Charge Amp Tradeoffs for Piezoelectric Accelerometers – How Going Higher Impedance Actually Helps
Figures 9 and 10 show two different approaches to amplifying signals from a capacitive sensor. The sensor in both cases is a 770pF piezoelectric shock sensor accelerometer, which generates charge under physical acceleration. Figure 9 shows the classical “charge amplifier” approach. The op amp is in the inverting configuration so the sensor looks into a virtual ground. All of the charge generated by the sensor is forced across the feedback capacitor by the op amp action. Because the feedback capacitor is 100 times smaller than the sensor, it will be forced to 100 times what would have been the sensor's open circuit voltage. So the circuit gain is 100. The benefit of this approach is that the signal gain of the circuit is independent of any cable capacitance introduced between the sensor and the amplifier. Hence this circuit is favored for remote accelerometers where the cable length may vary. Difficulties with the circuit are inaccuracy of the gain setting with the small capacitor, and low frequency cutoff due to the bias resistor working into the small feedback capacitor.

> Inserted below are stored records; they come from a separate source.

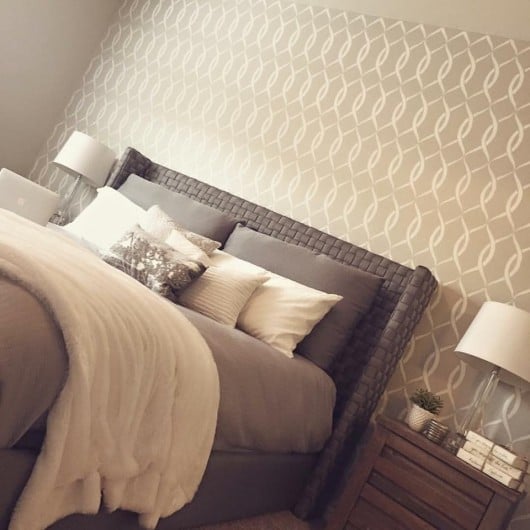 A DIY stenciled bedroom accent wall using the Entwined Allover Stencil from Cutting Edge Stencils. http://www.cuttingedgestencils.com/stencil-pattern-2.html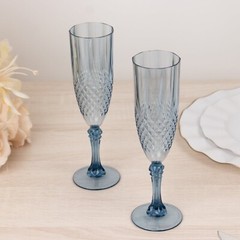6 DUSTY BLUE 8 oz Crystal Plastic Champagne Flute GLASSES Party Events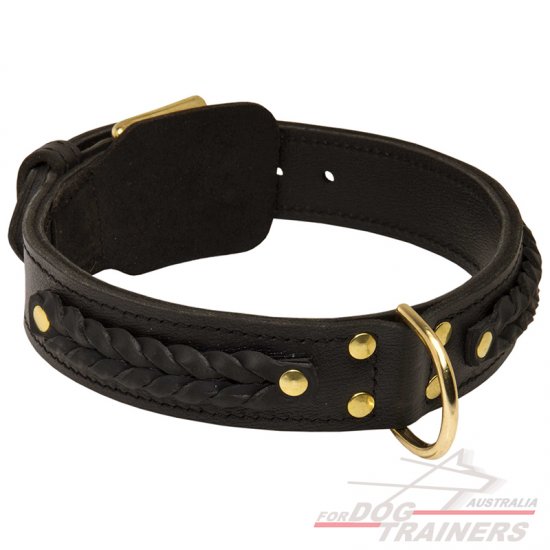 Braided Wide 2 Ply Leather Dog Collar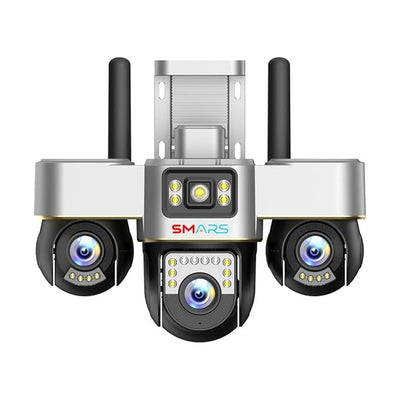 Smars Triple Lens 3 Screen WiFi PTZ Security Camera | Rotating Outdoor Wireless IP CCTV | PIR Motion Detection | Two-Way Audio | Full Color Night Vision & Cloud Storage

Figure 10 shows a non-inverting amplifier approach. This approach has many advantages. First of all, the gain is set accurately with resistors rather than with a small capacitor. Second, the low frequency cutoff is dictated by the bias resistor working into the large 770pF sensor, rather than into a small feedback capacitor, for lower frequency response. Third, the non-inverting topology can be paralleled and summed (as shown) for scalable reductions in voltage noise. The only drawback to this circuit is that the parasitic capacitance at the input reduces the gain slightly. This circuit is favored in cases where parasitic input capacitances such as traces and cables will be relatively small and invariant.
When you calculate the bias resistance required for the desired low frequency cutoff, consider that you may want to make the bias resistor still larger. This reduces the noise floor at low frequency. For example if we want to support frequencies down to 10Hz at -3dB, the bias resistor would work out to 1/2pi*10Hz*770pF = 20MΩ. At 10Hz, the 20MΩ resistor would contribute 580nV/√Hz of noise, and be -3dB down just like the signal. Making the resistor 1GΩ as shown, its 4000nV/√Hz voltage noise would be attenuated down to effectively 80nV/√Hz by the accelerometer capacitance, while the signal would barely be attenuated at all. Sometimes going higher impedance than conventionally required can actually help!
Conclusion
Devices and materials are available to support and protect very high impedances. Dealing with high impedances requires a knowledge of what are otherwise miniscule phenomena. Sometimes quantization of these phenomena – such as current noise – can be challenging in itself. But with the right circuit techniques, measurements become meaningful and repeatable. A proper breakdown of error sources such as leakage, settling time, voltage noise and current noise, help the circuit designer to know what to expect, and to get it.